Moscow fans charged with hate crime

Advertisement

MOSCOW (JTA) – When five soccer fans from the Moscow suburb of Solntsevo were arrested for shouting anti-Semitic slogans during a recent soccer match, they said they were “just kidding.”

Now they face up to two years behind bars for inciting racial hatred.

The case represents the first time that fans at a sporting event, and not just the teams at play, have been prosecuted in Russia for a hate crime. In this case, one of the teams may be fined as well.

Solntsevo prosecutor Alexei Klimov formally charged the five fans this week with committing a hate crime. They briefly were detained on Aug. 28 but released the same day and ordered to stay in town until the court hearing.

The offending incident took place in late April when the men, all in their early to mid-20s, noticed a poster advertising a match between Alliance, a local soccer team, and Moscow’s Jewish team, Maccabi. They showed up at the stadium wearing masks and waving a handmade banner reading “Happy Holocaust.” At one point during the match they started yelling, “Go to Auschwitz!”

Pavel Feldblyum, president of the Maccabi club, appeared as a witness when the defendants were questioned Aug. 28.

“I was stunned when I spoke to them,” Feldblyum said. “When I asked them about the Holocaust and Auschwitz, they appeared to have very little knowledge about either one. One of them bluntly admitted they just knew ‘these words were offensive for the Jews in some way.’ ”

Feldblyum said the men told authorities they were “just kidding” after learning they faced two years in prison.

Feldblyum credited the authorities’ strong response to the incident to the direct intervention of Moscow’s mayor, Yuri Luzhkov.

Prosecutors and investigators rarely use Article 282-1 of the Russian Criminal Code, which prohibits the incitement of racial hatred or humiliation, “because it is rather difficult to collect evidence and to prove the offender’s intentions,” Feldblyum said. “Yuri Luzhkov intervened personally because he not only knows our soccer club pretty well, but he is committed not to allow the expression of nationalistic sentiments in a megapolis where more than 100 ethnic groups reside.”

While the five men face criminal prosecution, the Alliance soccer club may be fined as much as $20,000 for its fans’ improper behavior.

The club claims no anti-Semitic behavior took place during the match.

“Yes, they shouted the usual rubbish like, you know, fans usually shout trying to intimidate a rival team,” Alliance president Alexei Vasilyev told the Moscow business daily Kommersant. “Yes, I admit their language was vulgar and rude.
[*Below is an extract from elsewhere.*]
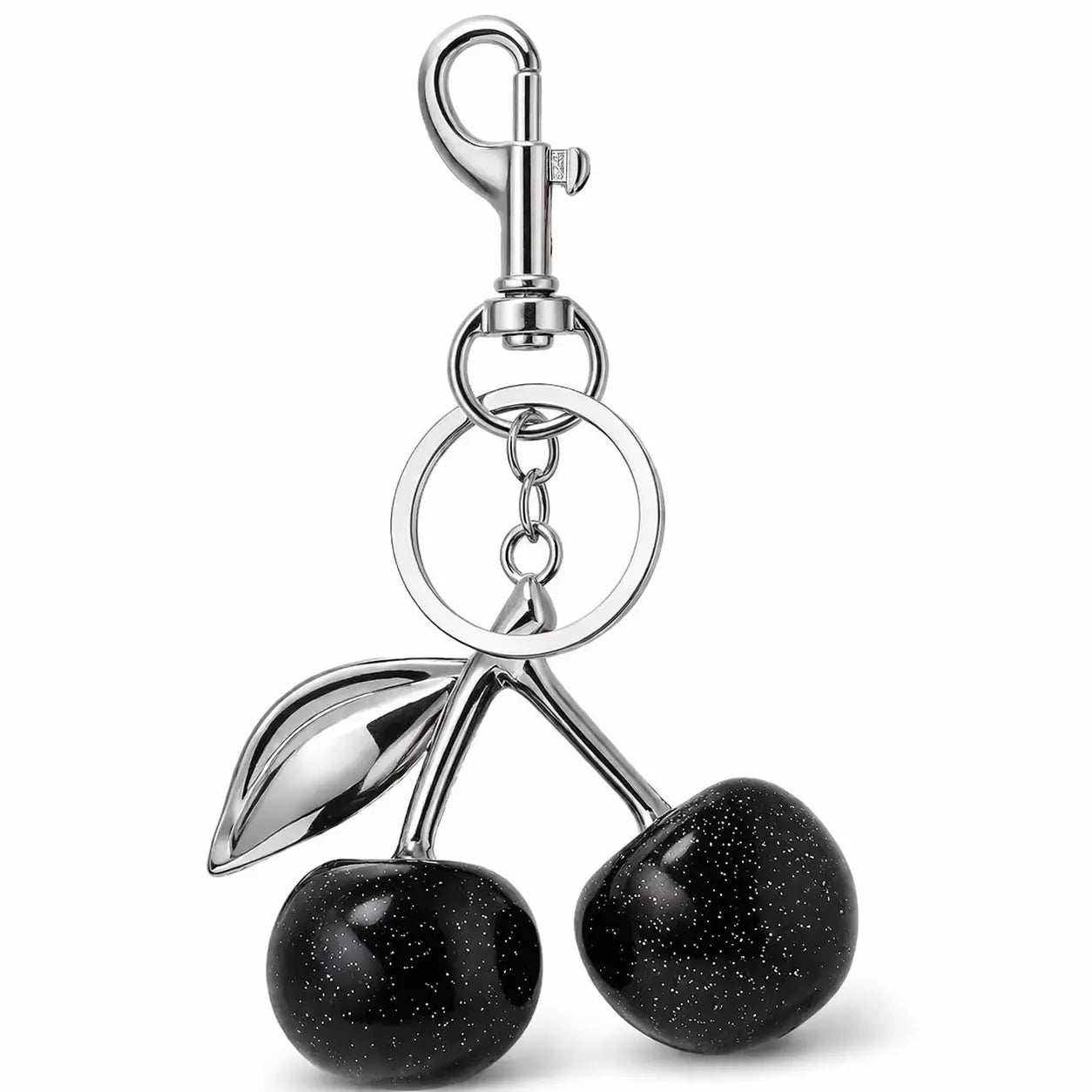 Hypes Inventory gold cherry bag charm keychain, cute purse accessory for women, perfect for handbags and gift-giving.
But they didn’t use the words ‘Jews,’ ‘Holocaust’ or anything like that.”

Vasilyev insisted his club’s fans would not express ill will toward Jews given that a player on their own team is Jewish.

Until recently in Russia, such outbursts resulted in small fines, if any punishment at all.

Law enforcement authorities typically look the other way even at large-scale demonstrations, such as the notorious “Russian March” two years ago during which the Movement Against Illegal Immigration and the ultranationalist Slavic Union organized a thousand-strong march in the streets of Moscow during the People’s Unity holiday on Nov. 4, 2005. Many marchers sported Nazi insignias and shouted “Heil Hitler.”

Even when fines are levied for anti-Semitic or racist behavior during soccer matches, usually they are levied against the club. This summer, for example, Spartak-Moscow was fined after its fans brandished a racist banner targeting a host team’s dark-skinned player during a game in the city of Samara. The fans themselves were not detained.

The Solntsevo case is the first one in Russia where the fans themselves were charged.

Vladimir Paley, the American Jewish Joint Distribution Committee’s director for special projects in Russia, told JTA he hoped the case would mark a new chapter in Russian law enforcement.

“Russian authorities may need to pacify various ethnic and religious groups in Russian society,” Paley said. “The Kremlin may want to show it guarantees security and dignity for every citizen regardless of origin and religious affiliation.

“Also, it may be a sign that Prosecutor General Yuri Chaika feels more self-confident now that President Putin gave him the authority to clear the scene of everything that can spoil the image of Russia as a prosperous country in advance of the upcoming parliamentary and presidential elections.”

Last year, at the height of Israel’s war in Lebanon, the Maccabi club donated $10,000 to communities in northern Israel to provide bomb shelters with air conditioning.